The reality has been a little bit different, as a panel at Fortune’s Brainstorm E conference concluded. Says Michael Northrup, program director for sustainable development at the Rockefeller Brothers Fund: “The easy thing has been divesting. It’s been hard to figure out how to invest… because the availability has really been tough.” That’s partly because, the Fund’s rules require that it invest only in publicly traded company investments.

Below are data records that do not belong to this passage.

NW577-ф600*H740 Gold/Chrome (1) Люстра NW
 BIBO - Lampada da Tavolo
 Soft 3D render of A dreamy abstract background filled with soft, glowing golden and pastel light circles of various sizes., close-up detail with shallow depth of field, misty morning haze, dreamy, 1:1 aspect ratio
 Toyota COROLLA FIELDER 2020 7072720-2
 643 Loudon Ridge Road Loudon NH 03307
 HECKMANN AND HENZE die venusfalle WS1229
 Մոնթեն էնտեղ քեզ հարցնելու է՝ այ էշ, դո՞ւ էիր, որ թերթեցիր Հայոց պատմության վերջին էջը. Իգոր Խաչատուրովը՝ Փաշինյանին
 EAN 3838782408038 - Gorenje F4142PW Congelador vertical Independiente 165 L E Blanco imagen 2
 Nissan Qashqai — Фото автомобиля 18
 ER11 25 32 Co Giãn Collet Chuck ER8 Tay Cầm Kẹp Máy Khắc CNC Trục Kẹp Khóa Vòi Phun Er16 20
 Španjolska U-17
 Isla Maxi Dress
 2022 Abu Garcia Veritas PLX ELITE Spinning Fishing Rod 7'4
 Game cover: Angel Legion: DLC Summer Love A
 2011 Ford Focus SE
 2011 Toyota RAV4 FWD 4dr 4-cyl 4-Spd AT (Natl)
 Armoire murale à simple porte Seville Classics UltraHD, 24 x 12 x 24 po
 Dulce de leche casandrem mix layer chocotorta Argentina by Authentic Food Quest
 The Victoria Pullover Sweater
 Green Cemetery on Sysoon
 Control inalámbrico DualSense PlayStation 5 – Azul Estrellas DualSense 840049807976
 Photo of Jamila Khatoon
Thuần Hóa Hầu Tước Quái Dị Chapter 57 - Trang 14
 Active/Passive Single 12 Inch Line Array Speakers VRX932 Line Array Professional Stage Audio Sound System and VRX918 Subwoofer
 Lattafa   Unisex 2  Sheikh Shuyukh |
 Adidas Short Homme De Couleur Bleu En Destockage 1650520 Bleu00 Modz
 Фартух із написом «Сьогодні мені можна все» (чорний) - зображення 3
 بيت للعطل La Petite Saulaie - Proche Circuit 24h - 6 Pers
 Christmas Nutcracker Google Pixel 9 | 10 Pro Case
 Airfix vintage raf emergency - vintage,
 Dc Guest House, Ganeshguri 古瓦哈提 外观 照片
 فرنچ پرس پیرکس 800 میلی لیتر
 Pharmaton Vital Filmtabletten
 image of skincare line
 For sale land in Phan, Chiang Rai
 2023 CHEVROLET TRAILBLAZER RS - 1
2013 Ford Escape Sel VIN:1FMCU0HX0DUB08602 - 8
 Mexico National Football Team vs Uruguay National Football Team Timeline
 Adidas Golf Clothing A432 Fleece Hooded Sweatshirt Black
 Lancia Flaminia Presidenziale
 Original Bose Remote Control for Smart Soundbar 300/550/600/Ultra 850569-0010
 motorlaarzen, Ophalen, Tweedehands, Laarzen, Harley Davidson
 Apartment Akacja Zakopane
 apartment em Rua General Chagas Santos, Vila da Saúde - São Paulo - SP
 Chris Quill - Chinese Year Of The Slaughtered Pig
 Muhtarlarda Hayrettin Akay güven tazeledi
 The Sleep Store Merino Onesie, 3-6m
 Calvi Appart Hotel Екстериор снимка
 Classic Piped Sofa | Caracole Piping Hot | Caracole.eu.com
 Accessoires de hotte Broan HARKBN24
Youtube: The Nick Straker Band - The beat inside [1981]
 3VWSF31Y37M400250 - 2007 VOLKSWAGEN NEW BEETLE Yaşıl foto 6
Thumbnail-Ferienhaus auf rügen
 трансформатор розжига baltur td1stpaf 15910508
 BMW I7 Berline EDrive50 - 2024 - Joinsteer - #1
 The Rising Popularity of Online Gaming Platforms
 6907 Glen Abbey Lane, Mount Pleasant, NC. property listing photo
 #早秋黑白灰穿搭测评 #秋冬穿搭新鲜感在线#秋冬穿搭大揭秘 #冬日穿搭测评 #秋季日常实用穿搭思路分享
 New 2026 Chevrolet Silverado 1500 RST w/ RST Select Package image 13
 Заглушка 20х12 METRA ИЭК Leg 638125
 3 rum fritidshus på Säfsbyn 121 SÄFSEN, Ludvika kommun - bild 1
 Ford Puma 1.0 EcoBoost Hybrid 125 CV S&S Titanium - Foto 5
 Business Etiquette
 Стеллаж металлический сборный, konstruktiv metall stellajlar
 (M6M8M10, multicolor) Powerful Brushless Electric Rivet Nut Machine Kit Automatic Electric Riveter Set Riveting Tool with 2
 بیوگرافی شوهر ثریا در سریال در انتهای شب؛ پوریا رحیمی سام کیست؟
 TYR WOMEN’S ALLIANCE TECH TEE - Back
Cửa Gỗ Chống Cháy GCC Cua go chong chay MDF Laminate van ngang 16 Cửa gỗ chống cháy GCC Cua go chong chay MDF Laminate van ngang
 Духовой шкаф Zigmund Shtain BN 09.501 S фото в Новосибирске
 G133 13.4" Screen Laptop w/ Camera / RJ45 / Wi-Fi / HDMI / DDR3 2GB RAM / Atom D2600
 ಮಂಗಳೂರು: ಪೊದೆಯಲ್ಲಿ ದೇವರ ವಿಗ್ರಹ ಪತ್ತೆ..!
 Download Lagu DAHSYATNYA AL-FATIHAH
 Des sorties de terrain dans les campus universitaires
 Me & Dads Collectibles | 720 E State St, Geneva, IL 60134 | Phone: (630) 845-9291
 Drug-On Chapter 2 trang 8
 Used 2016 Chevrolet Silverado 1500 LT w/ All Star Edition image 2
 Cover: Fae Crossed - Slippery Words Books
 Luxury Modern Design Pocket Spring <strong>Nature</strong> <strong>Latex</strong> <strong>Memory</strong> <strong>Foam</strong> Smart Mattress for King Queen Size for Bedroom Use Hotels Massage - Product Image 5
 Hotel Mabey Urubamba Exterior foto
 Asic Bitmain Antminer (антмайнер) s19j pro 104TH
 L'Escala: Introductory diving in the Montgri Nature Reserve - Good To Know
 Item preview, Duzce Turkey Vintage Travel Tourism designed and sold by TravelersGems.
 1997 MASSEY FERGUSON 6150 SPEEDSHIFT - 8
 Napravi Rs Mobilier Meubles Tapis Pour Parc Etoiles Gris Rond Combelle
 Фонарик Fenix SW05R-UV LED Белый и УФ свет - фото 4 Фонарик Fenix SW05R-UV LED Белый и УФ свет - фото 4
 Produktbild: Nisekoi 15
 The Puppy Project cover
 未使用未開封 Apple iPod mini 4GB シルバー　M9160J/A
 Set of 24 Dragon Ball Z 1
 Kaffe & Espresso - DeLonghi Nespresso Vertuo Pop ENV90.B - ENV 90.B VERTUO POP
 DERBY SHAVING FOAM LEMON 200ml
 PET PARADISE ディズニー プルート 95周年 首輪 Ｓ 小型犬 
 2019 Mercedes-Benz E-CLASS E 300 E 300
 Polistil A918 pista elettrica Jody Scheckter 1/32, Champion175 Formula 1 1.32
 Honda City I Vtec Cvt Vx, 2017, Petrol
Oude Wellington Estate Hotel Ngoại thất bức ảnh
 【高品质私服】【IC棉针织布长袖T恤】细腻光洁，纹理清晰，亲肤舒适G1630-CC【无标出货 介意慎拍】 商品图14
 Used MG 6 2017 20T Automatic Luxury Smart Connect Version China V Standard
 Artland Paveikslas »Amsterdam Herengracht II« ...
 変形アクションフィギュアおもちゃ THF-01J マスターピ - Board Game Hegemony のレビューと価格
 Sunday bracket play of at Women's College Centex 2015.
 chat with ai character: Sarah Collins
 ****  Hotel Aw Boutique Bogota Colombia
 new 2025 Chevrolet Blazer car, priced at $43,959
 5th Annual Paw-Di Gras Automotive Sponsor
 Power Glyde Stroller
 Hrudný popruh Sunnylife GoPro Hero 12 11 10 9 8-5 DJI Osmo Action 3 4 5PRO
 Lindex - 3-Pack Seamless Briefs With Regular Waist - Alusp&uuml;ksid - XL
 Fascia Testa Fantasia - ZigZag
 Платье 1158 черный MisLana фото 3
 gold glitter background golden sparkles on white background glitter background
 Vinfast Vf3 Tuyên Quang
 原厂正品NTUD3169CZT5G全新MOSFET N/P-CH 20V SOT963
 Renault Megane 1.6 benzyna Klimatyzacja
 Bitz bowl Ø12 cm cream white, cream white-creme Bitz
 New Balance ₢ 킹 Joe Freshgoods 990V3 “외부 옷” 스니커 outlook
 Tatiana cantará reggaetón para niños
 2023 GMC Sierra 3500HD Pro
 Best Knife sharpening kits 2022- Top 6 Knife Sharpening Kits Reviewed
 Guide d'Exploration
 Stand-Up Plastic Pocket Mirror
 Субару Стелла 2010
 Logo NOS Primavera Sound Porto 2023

But now, there are new legal structures and entities that make it easier to bypass some of the traditional rules. Program-related investments or PRIs, a structure re-popularized by the Gates Foundation in 2011, have become one way to make grants evergreen. There are also new models such as Pierre Omidyar’s, in which he moves money into a foundation annually out of a for-profit fund. Suz Mac Cormac, partner at Morrison & Foerster, says she spends much of her time working on models that will satisfy the younger generation of philanthropists who are looking for more of a direct impact from their giving. “A lot of large family office foundations are saying we can only do so many PRIs,” she says. “They are making grants to seed for-profit funds.”
All this is good news, but some worry that the traditional definition of philanthropy – in which one gives without the expectation of a immediate return on investment to such places as research organizations and universities – could be hurt by the new emphasis on impact investing. Indeed, noted one attendee at the session, worried about the shift: “The word philanthropy never came up.”